First I tried dividing the usleep in half thinking that maybe it’s not getting called enough. And running SI revealed that I’d gone from a 0.3 to a 0.1! Obviously this is not the desired effect! So instead of a divide I multiplied it by four:
diff -ruN ver2/timer.cpp ver2-j/timer.cpp
--- ver2/timer.cpp 2020-08-12 00:32:13.000000000 +0800
+++ ver2-j/timer.cpp 2021-06-04 02:06:25.505904407 +0800
@@ -7,7 +7,7 @@
{
while(Stop_Flag != true)
{
- usleep(54926);
+ usleep(54926*4);
IRQ0();
}
}
Now re-running SI I get this:
Now it’s scoring a 1.5! Obviously these are all ‘magic numbers’ and tied to the Pi400 and more importantly I haven’t studied the code at all, I’m not trying to disparage or anything, if anything it’s just a quick example why profiling your code can be so important! At the same time trying to run games is so incredibly slow I don’t even know if my changes had any actual impact to speed as emulation of benchmarks can be such a finickie thing.

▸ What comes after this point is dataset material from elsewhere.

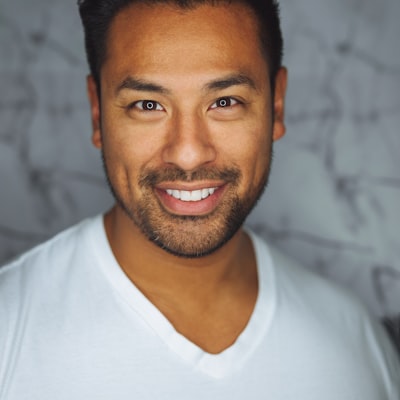 Jonathan Smith portrait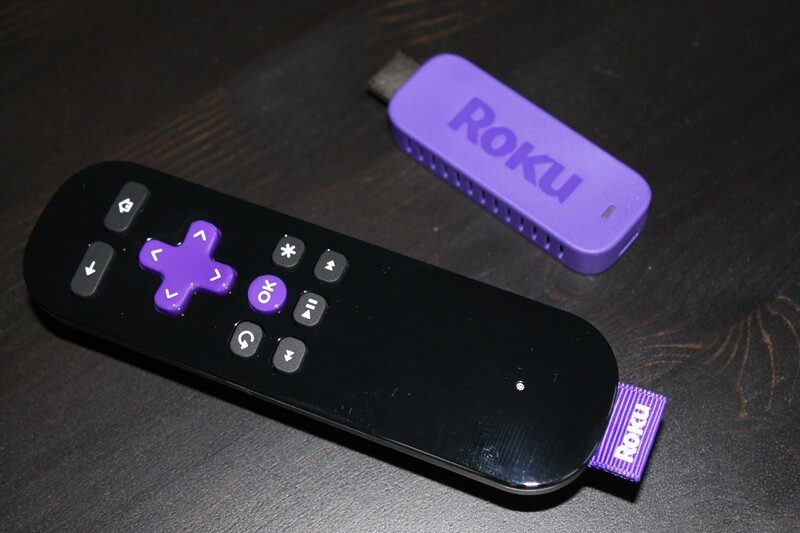 The remote control is simple to understand and use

My goto game, Battletech 3025 Crescent Hawks Inception loads to the first splash but then seems to hang. I could be impatient or there could be further issues but I’m just some impatient tourist with a C compiler…
With my changes and re-running the profiler I now see this:
Each sample counts as 0.01 seconds.
% cumulative self self total
time seconds seconds calls us/call us/call name
95.41 129.23 129.23 22696621 5.69 5.69 Read_Memory_Array(unsigned long long, char*, int)
2.90 133.15 3.92 Start_System_Bus(int)
0.88 134.34 1.19 64369074 0.02 0.02 CLK()
0.30 134.74 0.40 keyboard()
0.16 134.96 0.22 412873 0.53 0.53 Print_Char_9x16(SDL_Render
er*, int, int, unsigned char)
0.08 135.07 0.11 11273939 0.01 0.01 Data_Bus_Direction_8086_OUT()
Which is now what I expect with the bulk of the emulation now calling Read_Memory, with the Clock following that and of course our tamed screen renderer (although its still called far too much!) with the Data_Bus_Direction being further down the list. No doubt some double buffering and checking what changed in between calls would go a LONG way to optimise it, just as would actually studying the source code.
The one cool thing about this is that if I wanted to write a PC emulator this way gives me the confidence that the CPU is not only 100% cycle accurate, but it’s 100% bug for bug accurate since we are using a physical processor.
And again for $15 USD + Shipping I cannot recommend this enough!